Elements of genetic algorithm can be used with success with the aid of parametric identification of approximation coefficients for functions of rotational speed and rotation angles of ends of motion transmission across long elastic elements. This avoids the complicated theory of oscillation process modelling in long shafts at the level of the distributed parameter system.

Experience shows replacement of long elastic elements with distributed mechanical parameters with multiple mass elastic-dissipative units of lumped parameters, for instance elastic clutches, is not always right. This is connected with the fact a multiple (e.g., dual) mass interpretation of an equivalent model fails to include the important phenomenon of mechanical wave motion along a shaft, which will delay the oscillation process in a clutch being modelled. This physical phenomenon is at the root of the theory of infinite degrees of freedom in lumped parameter systems; contrary to multiple mass models where number of degrees of freedom is pre-determined and equal to number of generalised coordinates for holonomic systems.

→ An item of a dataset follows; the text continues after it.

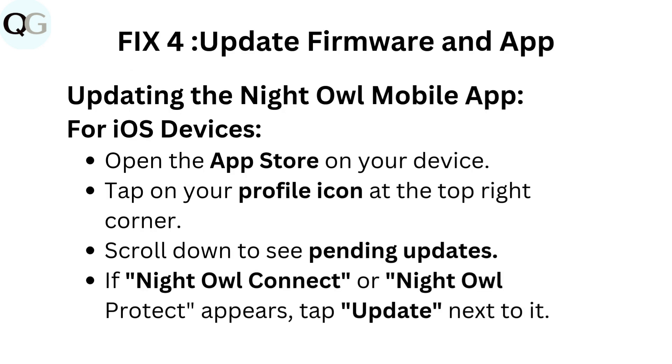Fix 4: Update firmware and app. Updating the Night Owl mobile app on iOS devices: open the App Store on your device and tap on your profile icon at the top right corner. Scroll down to see pending updates. If Night Owl Connect or Night Owl Protect appears, tap Update next to it.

The computer simulation results give reasons to conclude the genetic algorithm is correctly used in this paper to identify function parameters of rotation speed and angle of shaft ends in the drive’s motion transmission. The error of approximation is to the order of 10⁻⁴ for the first experiment and 10⁻⁶ for the second, which confirms the long shaft model developed by the authors can be used in precise operating conditions of electric drives containing long elastic elements of distributed parameters.